Overexpression of insulin growth factor 2 (IGF2) is a hallmark of adrenocortical carcinomas and pheochromocytomas. Previous studies investigating the IGF2/H19 locus have mainly focused on a single molecular level such as genomic alterations or altered DNA methylation levels and the causal changes underlying IGF2 overexpression are still not fully established. In the current study, we analyzed 62 tumors of the adrenal gland from patients with Conn's adenoma (CA, n=12), pheochromocytomas (PCC, n=10), adrenocortical benign tumors (ACBT, n=20), and adrenocortical carcinomas (ACC, n=20). Gene expression, somatic copy number variation of chr11p15.5, and DNA methylation status of three differential methylated regions of the IGF2/H19 locus including the H19 imprinting control region were integratively analyzed.

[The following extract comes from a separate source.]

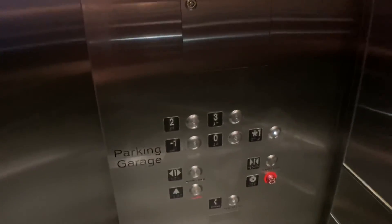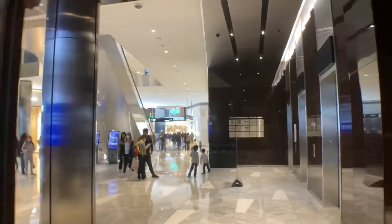We will end it on one. At least you have full speed for like a second going down one floor. If you walk out here, this leads you right into the mall. That's it.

IGF2 overexpression was found in 85% of the ACCs and 100% of the PCCs compared to 23% observed in CAs and ACBTs. Copy number aberrations of chr11p15.5 were abundant in both PCCs and ACCs but while PCCs retained a diploid state, ACCs were frequently tetraploid (7/19). Loss of either a single allele or loss of two alleles of the same parental origin in tetraploid samples resulted in a uniparental disomy-like genotype. These copy number changes correlated with hypermethylation of the H19 ICR suggesting that the lost alleles were the unmethylated maternal alleles. Our data provide conclusive evidence that loss of the maternal allele correlates with IGF2 overexpression in adrenal tumors and that hypermethylation of the H19 ICR is a consequence thereof.